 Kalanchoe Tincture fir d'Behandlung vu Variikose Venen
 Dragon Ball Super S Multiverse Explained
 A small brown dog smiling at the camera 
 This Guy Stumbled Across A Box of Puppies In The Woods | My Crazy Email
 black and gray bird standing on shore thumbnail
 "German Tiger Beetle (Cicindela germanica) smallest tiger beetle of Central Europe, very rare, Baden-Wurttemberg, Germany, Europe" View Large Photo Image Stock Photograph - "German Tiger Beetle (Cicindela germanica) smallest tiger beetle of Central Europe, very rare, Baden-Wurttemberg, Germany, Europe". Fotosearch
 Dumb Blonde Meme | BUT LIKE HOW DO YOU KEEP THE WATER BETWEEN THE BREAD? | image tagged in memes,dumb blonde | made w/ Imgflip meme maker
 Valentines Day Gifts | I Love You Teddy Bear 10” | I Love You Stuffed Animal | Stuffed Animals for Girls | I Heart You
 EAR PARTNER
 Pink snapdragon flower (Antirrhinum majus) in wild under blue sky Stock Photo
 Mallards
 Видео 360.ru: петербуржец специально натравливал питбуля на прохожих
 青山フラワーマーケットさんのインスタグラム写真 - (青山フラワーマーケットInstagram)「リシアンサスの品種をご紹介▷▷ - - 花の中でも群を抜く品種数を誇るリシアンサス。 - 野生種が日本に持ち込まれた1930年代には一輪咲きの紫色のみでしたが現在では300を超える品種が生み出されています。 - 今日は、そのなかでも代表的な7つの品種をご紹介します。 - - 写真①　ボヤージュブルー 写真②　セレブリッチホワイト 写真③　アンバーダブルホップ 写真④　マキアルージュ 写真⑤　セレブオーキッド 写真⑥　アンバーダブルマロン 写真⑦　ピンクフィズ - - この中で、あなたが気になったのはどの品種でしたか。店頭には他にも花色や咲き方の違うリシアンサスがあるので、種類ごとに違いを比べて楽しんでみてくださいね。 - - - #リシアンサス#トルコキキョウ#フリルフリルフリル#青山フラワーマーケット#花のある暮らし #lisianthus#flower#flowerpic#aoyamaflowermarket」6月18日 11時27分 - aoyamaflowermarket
====
Assignment
Each line of the listing is to be repeated exactly.

Problem solution
 Kalanchoe Tincture fir d'Behandlung vu Variikose Venen
 Dragon Ball Super S Multiverse Explained
 A small brown dog smiling at the camera 
 This Guy Stumbled Across A Box of Puppies In The Woods | My Crazy Email
 black and gray bird standing on shore thumbnail
 "German Tiger Beetle (Cicindela germanica) smallest tiger beetle of Central Europe, very rare, Baden-Wurttemberg, Germany, Europe" View Large Photo Image Stock Photograph - "German Tiger Beetle (Cicindela germanica) smallest tiger beetle of Central Europe, very rare, Baden-Wurttemberg, Germany, Europe". Fotosearch
 Dumb Blonde Meme | BUT LIKE HOW DO YOU KEEP THE WATER BETWEEN THE BREAD? | image tagged in memes,dumb blonde | made w/ Imgflip meme maker
 Valentines Day Gifts | I Love You Teddy Bear 10” | I Love You Stuffed Animal | Stuffed Animals for Girls | I Heart You
 EAR PARTNER
 Pink snapdragon flower (Antirrhinum majus) in wild under blue sky Stock Photo
 Mallards
 Видео 360.ru: петербуржец специально натравливал питбуля на прохожих
 青山フラワーマーケットさんのインスタグラム写真 - (青山フラワーマーケットInstagram)「リシアンサスの品種をご紹介▷▷ - - 花の中でも群を抜く品種数を誇るリシアンサス。 - 野生種が日本に持ち込まれた1930年代には一輪咲きの紫色のみでしたが現在では300を超える品種が生み出されています。 - 今日は、そのなかでも代表的な7つの品種をご紹介します。 - - 写真①　ボヤージュブルー 写真②　セレブリッチホワイト 写真③　アンバーダブルホップ 写真④　マキアルージュ 写真⑤　セレブオーキッド 写真⑥　アンバーダブルマロン 写真⑦　ピンクフィズ - - この中で、あなたが気になったのはどの品種でしたか。店頭には他にも花色や咲き方の違うリシアンサスがあるので、種類ごとに違いを比べて楽しんでみてくださいね。 - - - #リシアンサス#トルコキキョウ#フリルフリルフリル#青山フラワーマーケット#花のある暮らし #lisianthus#flower#flowerpic#aoyamaflowermarket」6月18日 11時27分 - aoyamaflowermarket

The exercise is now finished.